As stated above, the court agreed with the shareholder. The judge noted the articles requiring there to be at least two directors to constitute a quorum and stated logically is a requirement that the company in question have two directors in order to manage its affairs. Despite the company adopting a bespoke article requiring two specific individuals to be present for a meeting to be quorate, the judge’s comments were quite clearly also directed at unmodified Model Article 11(2).
The company claimed as section 154 of the Act permits companies to have a single director, the Model Articles could not abrogate that provision of an Act of Parliament. However, the judge found that, although the Act contemplates companies with only one director, the Model Articles cannot be used in unmodified form in these circumstances. The Act specifically permits a company to modify the Model Articles, and modified they must be to operate with a single director.
Implications for Public Sector Companies
When looking to establish a new company, any perceived contradiction in the Articles should be carefully thought through. The Model Articles state that a quorum for a director’s meeting is at least two directors. However, they also say that a company can act with one director. The implication is the Model Articles are unclear as to what constitutes a quorate director’s meeting. Perhaps, the best solution is to ensure bespoke provisions are drafted to make it clear how many directors are required for a quorate meeting.

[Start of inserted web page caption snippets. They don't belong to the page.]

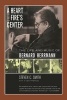 A Heart at Fire's Center - The Life and Music of Bernard Herrmann (Paperback, New ed.) - Steven C Smith Photo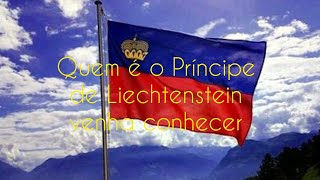 Quem é o Príncipe de Liechtenstein?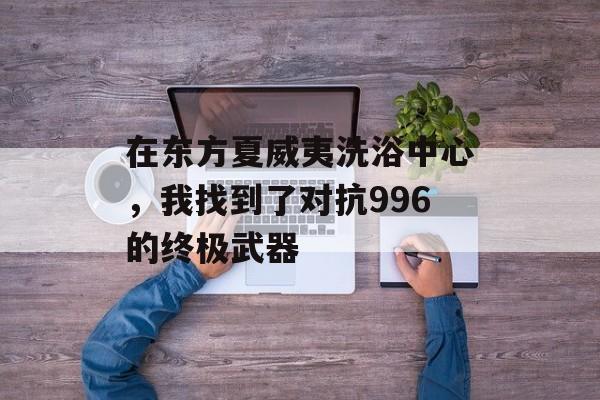 在东方夏威夷洗浴中心，我找到了对抗996的终极武器-第1张图片-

Established companies should review their Articles to identify whether they have adopted Model Articles 7 and 11 without modification or, have adopted bespoke articles that mirror the original wording. Where this has happened, the company should decide whether it needs the flexibility of being able to operate with one director. If it does, the company should consider putting forward amendments to its Articles to resolve this contradiction. If it has historically operated with only one director, it should consider obtaining advice on whether any historic decisions taken by the sole director are or may be void.